Not that he minds. "When I first came to Harvard, people thought that I was kind of rude because I wasn't playing by the rules of Harvard etiquette," Dershowitz said with relish. "I'm immediately taking on presidents and deans, and speaking my mind and criticizing Harvard."

His penchant to criticize, to go on the attack, goes back to his childhood, he says.

"I was always tough as a kid," Dershowitz recalled. "I was a street fighter. I would get into brawls." Now, at the age of 64, not much has changed. For Dershowitz, at least in public, lives for the intellectual fistfight. It's his modus operandi, his breath of life. And in "Why Terrorism Works," Dershowitz takes on the establishment yet again.

In typically provocative form, he suggests that - were we an amoral country - we could take specific steps to help us win the war against terror - such as the use of torture. We could also control the media, restrict the movements of U.S. citizens and immigrants alike, and resort to targeted assassinations and preemptive attacks. Surprisingly, many of these proposals have already been adopted, on the quiet, he said. For example, we ship out suspects to torture-friendly allies; we detain Muslims; we shoot down terrorist ringleaders with missiles.

But despite the pyrotechnics, Dershowitz is, at heart, a supporter of civil liberties. After shocking readers with his "amoral" propositions, he then backs off to present less effective, but more acceptable alternatives to deterring terrorism, such as the introduction of voluntary national identity cards. "We have to surrender a little bit of our collective right of anonymity in my view," he said.

On the whole, Dershowitz remains concerned with finding and also preserving a healthy balance between the opposing goals of freedom and security. "It's a new world disorder, and it's a world disorder that's very [threatening] to civil liberties because there will never be a day on which we proclaim victory," he said, fearing that an endless war against terror could make permanent the Bush administration's crisis-inspired erosion of individual rights.

Viscerally opposed to the secret detentions of Muslims, and to the racial profiling that has followed the terrorist attacks of 9/11, Dershowitz is no fan of the government's current policies. Nor, ironically, is he enthusiastic about the after-effects of our war in Afghanistan. Following the Al Quaeda attacks, we hit back, hard, just as Dershowitz has suggested we do in response to terrorism. No appeasement, no diplomatic compromises, no fussing about with votes at the United Nations.

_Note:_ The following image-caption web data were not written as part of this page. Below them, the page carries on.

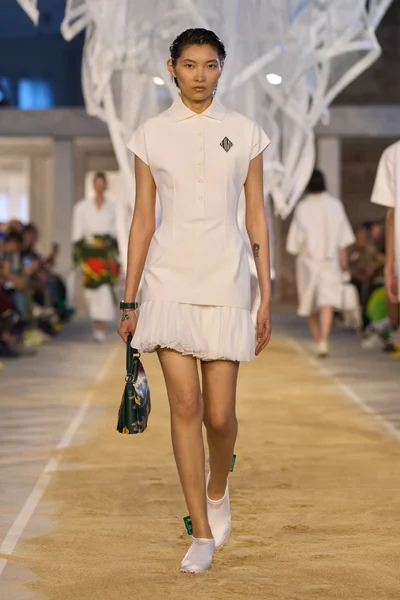 Look 24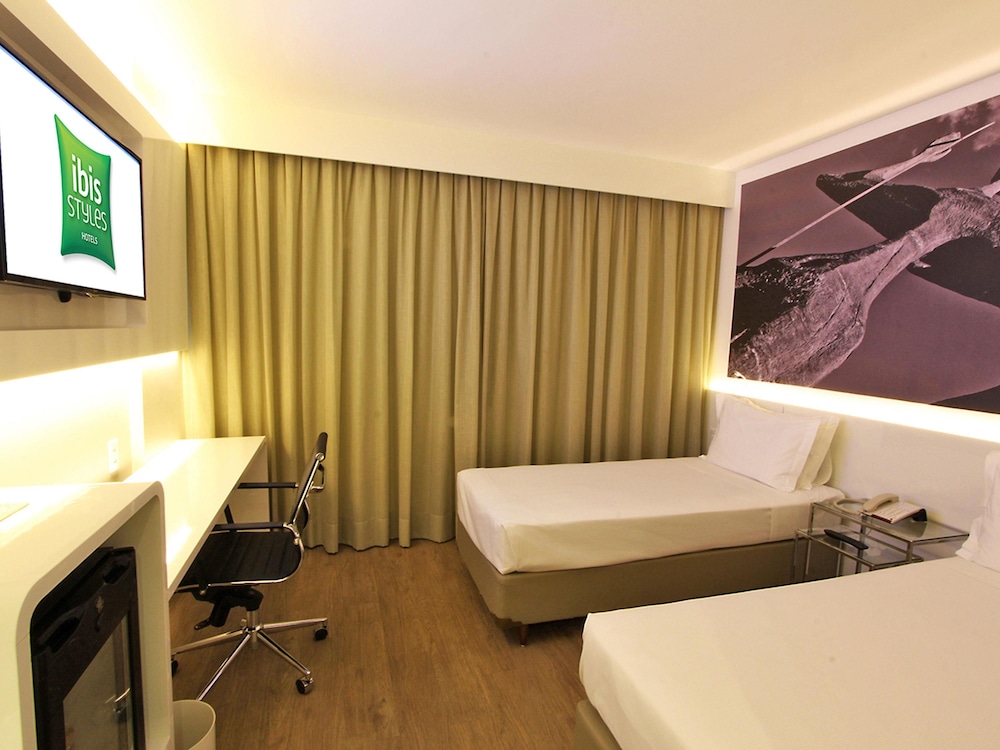 APARTMENT, TWIN BEDS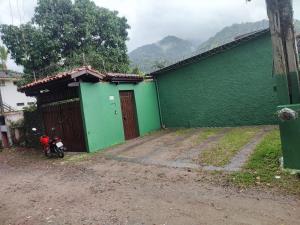 Uma vista da montanha tirada da pousada 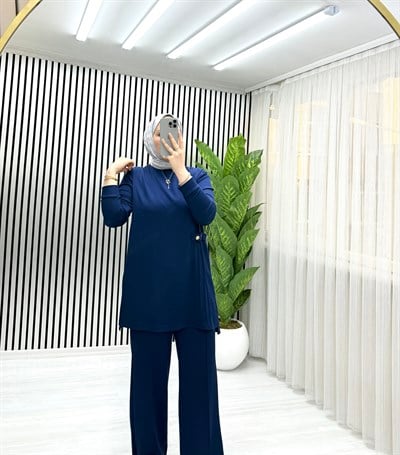 LİO YANDAN ÇITLI TAKIM LACİVERT
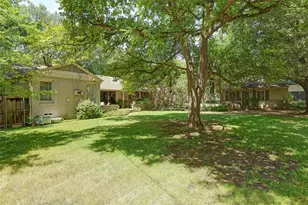 8910 Guernsey Ln, Dallas, TX 75220 - Photo 24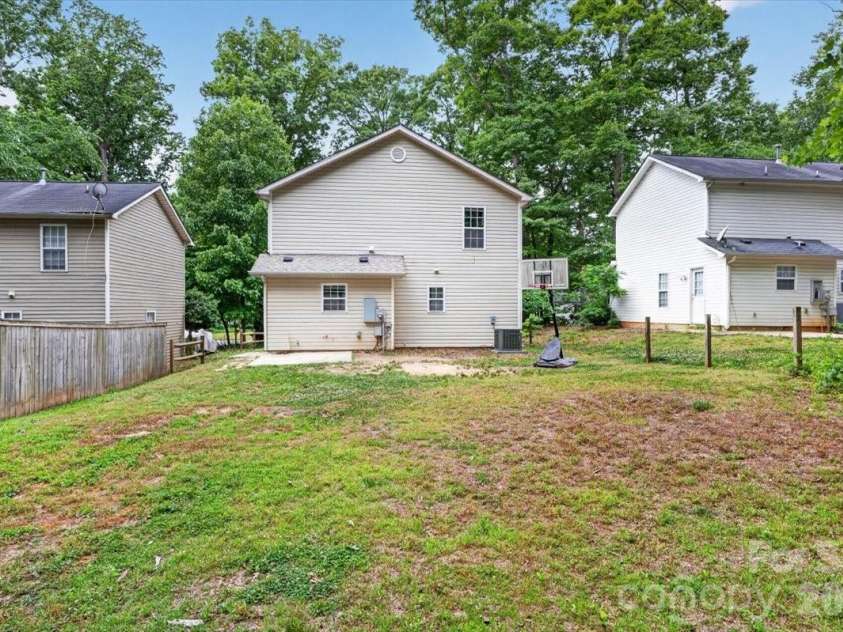 2304 Juniper Drive, Charlotte, NC 28269.  MLS# CAR4376071, YatesRealty ID 18833.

So far, so good. But the end result? We may have temporarily driven out the Taliban, but in the process, Al Quaeda slipped over the border into Pakistan and disappeared into teeming cities like Karachi, where they're much harder to trace.

"We did it badly," Dershowitz said. "It's metastasized. It's no longer a local lesion. And we're part of the problem."

What should we have done differently? "I think our first goal should have been to keep them in Afghanistan, and basically build a wall not letting them out, but instead we let them escape, " he said, with the benefit of hindsight.

So perhaps the problem of terrorism does not easily succumb to convenient intellectual slogans; it cannot be made to simply stop "working" by responding with force rather than reward or capitulation.

"There's nothing we can do which will totally stop the problem of terrorism," Dershowitz admitted. It's a disappointing realization. But Dershowitz didn't write "Why Terrorism Works" to serve as a manual for Defense Secretary Donald Rumsfeld, he wrote it for his readers - to provoke us into foreign intellectual territory, territory which we may find irritating, even upsetting.

But that's the whole point. Back at his lecture at the Boston Public Library, Dershowitz concludes with an argument in favor of openness, of candid, uncensored discussion, even on topics the public might not want to confront: "My view is that we're much better taking these issues from beneath the surface, and bringing them up to where they can be debated."